**BRIEF**. Whenever a line in the data holds the string "with", pull that line out.
--- START ---
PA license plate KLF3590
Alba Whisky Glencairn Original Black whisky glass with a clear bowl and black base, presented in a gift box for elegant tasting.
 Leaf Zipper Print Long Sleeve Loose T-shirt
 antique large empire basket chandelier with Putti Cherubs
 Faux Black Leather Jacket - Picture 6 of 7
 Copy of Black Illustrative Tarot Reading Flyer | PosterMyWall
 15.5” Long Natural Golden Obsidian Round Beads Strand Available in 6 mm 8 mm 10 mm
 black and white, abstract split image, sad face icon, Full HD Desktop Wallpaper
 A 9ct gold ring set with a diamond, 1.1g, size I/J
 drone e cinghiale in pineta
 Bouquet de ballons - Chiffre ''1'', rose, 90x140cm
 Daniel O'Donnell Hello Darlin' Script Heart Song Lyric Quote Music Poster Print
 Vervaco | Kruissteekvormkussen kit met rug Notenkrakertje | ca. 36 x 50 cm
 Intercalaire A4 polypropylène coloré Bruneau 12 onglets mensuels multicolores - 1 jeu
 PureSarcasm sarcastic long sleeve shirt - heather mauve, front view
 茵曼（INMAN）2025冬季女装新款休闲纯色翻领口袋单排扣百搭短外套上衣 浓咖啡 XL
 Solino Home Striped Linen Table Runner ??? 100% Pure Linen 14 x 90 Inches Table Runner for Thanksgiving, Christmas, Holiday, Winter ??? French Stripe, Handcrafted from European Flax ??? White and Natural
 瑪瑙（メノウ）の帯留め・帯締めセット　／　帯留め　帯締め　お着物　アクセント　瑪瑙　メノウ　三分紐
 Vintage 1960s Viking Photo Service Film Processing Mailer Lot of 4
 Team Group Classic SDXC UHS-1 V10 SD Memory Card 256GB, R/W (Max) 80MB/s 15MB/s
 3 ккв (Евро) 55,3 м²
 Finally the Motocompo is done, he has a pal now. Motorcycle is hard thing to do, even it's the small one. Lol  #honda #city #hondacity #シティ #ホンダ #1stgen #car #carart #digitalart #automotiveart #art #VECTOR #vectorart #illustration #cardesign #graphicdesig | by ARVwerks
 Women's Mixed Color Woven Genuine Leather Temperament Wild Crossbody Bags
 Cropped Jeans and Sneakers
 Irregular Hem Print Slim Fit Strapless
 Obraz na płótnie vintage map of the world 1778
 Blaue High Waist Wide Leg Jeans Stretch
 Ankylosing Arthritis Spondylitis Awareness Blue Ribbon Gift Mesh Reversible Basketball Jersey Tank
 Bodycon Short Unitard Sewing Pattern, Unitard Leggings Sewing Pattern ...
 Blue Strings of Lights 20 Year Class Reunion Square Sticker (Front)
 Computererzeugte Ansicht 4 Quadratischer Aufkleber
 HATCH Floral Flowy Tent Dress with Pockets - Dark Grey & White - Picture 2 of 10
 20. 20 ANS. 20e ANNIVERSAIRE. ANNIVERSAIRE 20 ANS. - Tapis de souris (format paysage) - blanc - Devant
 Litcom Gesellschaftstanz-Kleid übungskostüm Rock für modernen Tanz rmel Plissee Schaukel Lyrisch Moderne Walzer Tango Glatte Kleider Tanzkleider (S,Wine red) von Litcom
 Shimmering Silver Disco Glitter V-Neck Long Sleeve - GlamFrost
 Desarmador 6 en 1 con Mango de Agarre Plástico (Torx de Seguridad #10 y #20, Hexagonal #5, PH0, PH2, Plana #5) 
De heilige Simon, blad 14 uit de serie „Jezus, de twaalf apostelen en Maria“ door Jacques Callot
--- END ---
**WRITTEN RESPONSE**.
Alba Whisky Glencairn Original Black whisky glass with a clear bowl and black base, presented in a gift box for elegant tasting.
 antique large empire basket chandelier with Putti Cherubs
 A 9ct gold ring set with a diamond, 1.1g, size I/J
 HATCH Floral Flowy Tent Dress with Pockets - Dark Grey & White - Picture 2 of 10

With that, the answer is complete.